* **Caption-style text data**:
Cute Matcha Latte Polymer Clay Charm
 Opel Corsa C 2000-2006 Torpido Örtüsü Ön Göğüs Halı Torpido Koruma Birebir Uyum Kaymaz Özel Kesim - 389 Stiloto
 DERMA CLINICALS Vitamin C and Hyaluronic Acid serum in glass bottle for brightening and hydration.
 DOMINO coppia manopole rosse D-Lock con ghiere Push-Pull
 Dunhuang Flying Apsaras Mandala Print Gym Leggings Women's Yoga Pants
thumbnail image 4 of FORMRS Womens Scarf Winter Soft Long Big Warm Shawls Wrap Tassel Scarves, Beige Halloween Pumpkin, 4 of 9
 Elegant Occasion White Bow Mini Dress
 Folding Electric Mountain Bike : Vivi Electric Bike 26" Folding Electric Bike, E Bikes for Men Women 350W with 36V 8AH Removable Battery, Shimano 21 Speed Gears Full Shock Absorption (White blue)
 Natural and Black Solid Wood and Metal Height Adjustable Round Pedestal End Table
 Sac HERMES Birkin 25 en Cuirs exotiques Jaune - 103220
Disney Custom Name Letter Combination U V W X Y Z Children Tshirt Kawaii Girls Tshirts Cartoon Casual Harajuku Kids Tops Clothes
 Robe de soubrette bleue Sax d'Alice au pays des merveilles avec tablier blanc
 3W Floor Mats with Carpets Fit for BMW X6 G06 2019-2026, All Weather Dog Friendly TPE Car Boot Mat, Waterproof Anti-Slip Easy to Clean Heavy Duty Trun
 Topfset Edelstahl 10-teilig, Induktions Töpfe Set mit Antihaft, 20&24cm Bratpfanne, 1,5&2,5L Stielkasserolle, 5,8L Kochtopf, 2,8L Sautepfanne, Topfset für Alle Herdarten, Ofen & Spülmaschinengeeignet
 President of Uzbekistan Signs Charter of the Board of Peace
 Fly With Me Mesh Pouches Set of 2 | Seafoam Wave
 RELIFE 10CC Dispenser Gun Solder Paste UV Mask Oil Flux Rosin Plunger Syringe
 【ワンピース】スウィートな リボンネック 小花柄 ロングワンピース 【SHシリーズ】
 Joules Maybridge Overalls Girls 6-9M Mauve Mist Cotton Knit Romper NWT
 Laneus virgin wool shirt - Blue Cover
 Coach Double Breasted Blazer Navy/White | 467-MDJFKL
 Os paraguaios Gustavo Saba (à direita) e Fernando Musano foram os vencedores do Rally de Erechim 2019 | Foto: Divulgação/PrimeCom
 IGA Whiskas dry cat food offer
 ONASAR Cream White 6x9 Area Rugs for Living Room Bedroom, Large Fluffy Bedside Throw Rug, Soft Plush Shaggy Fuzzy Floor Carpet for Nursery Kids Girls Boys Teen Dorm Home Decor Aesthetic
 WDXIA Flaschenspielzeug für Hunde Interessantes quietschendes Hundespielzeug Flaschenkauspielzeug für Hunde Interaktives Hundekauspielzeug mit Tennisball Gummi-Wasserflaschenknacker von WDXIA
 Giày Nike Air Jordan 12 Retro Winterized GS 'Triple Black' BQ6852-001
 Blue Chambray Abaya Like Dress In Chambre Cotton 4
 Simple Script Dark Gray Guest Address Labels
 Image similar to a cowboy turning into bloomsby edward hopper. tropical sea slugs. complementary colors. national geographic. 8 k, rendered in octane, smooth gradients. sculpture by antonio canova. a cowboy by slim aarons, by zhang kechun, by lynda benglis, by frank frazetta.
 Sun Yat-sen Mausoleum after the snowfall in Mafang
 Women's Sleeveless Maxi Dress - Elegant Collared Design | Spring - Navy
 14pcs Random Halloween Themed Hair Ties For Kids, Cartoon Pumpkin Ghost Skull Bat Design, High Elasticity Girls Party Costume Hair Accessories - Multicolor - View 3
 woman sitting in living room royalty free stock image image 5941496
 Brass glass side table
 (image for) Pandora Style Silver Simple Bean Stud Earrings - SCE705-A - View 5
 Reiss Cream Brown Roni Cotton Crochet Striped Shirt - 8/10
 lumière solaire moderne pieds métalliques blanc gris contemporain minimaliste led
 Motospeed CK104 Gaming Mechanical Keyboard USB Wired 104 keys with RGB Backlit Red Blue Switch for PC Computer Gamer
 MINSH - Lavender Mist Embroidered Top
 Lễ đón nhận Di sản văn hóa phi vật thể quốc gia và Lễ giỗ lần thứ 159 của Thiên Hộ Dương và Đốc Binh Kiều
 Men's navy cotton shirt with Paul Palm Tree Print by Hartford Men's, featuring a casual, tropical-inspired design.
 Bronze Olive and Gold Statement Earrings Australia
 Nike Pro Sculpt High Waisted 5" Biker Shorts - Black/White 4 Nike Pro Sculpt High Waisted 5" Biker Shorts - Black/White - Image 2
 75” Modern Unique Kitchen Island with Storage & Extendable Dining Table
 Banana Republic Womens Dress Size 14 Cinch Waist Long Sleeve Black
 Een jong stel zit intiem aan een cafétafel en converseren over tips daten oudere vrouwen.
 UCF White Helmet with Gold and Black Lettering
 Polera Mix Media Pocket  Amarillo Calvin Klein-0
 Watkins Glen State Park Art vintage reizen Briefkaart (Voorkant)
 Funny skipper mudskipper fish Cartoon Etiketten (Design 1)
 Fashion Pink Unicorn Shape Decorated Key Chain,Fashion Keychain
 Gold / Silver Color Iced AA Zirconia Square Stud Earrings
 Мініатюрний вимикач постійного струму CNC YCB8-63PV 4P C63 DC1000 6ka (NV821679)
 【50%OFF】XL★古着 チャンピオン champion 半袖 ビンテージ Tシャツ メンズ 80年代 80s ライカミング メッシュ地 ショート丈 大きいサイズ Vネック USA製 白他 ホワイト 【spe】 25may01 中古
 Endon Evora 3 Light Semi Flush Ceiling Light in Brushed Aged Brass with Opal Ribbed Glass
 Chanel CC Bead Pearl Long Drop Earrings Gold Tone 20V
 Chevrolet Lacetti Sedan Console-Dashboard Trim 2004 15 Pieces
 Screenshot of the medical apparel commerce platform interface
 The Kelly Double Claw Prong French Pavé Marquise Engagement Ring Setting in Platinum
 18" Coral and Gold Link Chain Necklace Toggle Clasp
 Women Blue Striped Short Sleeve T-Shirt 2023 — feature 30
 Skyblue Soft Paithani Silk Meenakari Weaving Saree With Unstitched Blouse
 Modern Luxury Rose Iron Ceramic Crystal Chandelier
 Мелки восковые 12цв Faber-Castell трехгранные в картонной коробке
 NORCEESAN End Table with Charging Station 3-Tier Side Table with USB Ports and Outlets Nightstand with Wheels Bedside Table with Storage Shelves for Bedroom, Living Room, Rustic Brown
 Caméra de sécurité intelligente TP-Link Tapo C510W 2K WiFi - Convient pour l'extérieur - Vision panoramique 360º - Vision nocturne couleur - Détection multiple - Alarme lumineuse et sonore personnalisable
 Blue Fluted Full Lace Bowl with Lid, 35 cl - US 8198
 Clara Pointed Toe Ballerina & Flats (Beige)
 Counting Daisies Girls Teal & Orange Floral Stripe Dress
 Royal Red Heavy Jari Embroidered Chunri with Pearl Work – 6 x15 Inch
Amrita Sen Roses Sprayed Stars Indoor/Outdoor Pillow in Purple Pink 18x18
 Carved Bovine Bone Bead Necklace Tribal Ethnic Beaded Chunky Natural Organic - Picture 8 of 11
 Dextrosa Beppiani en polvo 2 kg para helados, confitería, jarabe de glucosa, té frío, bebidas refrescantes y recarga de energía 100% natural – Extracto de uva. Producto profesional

* **EXERCISE**:
Copy out, from the data above, each line where the string "Necklace" is present.

* **WRITTEN ANSWER**:
 18" Coral and Gold Link Chain Necklace Toggle Clasp
 Carved Bovine Bone Bead Necklace Tribal Ethnic Beaded Chunky Natural Organic - Picture 8 of 11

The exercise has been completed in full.